Teaching philosophy

I enjoy teaching and mentoring. I love to witness those aha! moments when students grasp a new way of looking at seemingly intractable development challenges and policy dilemmas. I particularly enjoy seeing students strengthen their skills in making well-supported arguments, both in writing and in lively classroom discussions. I seek to nurture students’ curiosity and passion for lifelong learning and to support them in cultivating competence and confidence in asking, and attempting to answer, complex questions. Students know that I am eager to discuss with them the issues we are discussing in class as well as their broader academic and career concerns. I have benefitted enormously from having wonderful teachers and mentors in my life, and I am grateful for the opportunity to give back by making sure that my classes are valuable learning experiences and that students know that my door is open when they have questions about a class project, want guidance about opportunities, or need a letter of recommendation. In short, students know I am available and interested in their well-being and success.

Courses taught

Health, Development, and Human Rights

Feeding the World: The Politics, Economics, and Sociology of Food and Nutrition

Food: Perspectives on Production, Consumption, and Health (with Service Learning)
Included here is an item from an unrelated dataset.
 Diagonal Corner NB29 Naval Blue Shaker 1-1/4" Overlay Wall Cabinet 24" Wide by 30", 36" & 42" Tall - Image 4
International Political Economy

Globalization and the Politics of Development

Social Science Research Methods

Student comments from International Political Economy course evaluations

Encouraging critical thinking:

  • “I loved being exposed to different viewpoints.”
  • The most effective part of the course was “the readings that presented many sides to an argument.”
  • “The course opened my eyes to the complexities of the world market.”
  • “The class widened my perspective.”

Effective class format:

  • “Course was very well organized.”
  • “Exam formats were great.”
  • The most effective parts of the course were “the open discussions and debates.”
  • “The readings and the lectures worked great together.”
  • The most effective part of the course was “discussions of current events with tie-ins to historical occurrences.”

Instructor effectiveness:

  • “Bridle is so far one of the best instructors I have had as an international relations major, and we should get more professors that are of her caliber.”
  • “Excellent class; the instructor was very helpful in explaining difficult concepts. Made for a great learning experience.”
  • “There need to be more courses like this at UCD.”
  • “Everyone should take this course no matter what major.”
  • “I really enjoyed this class—felt like it was worth my tuition.”
  • The instructor “really pushed the class to work hard and learn a lot.”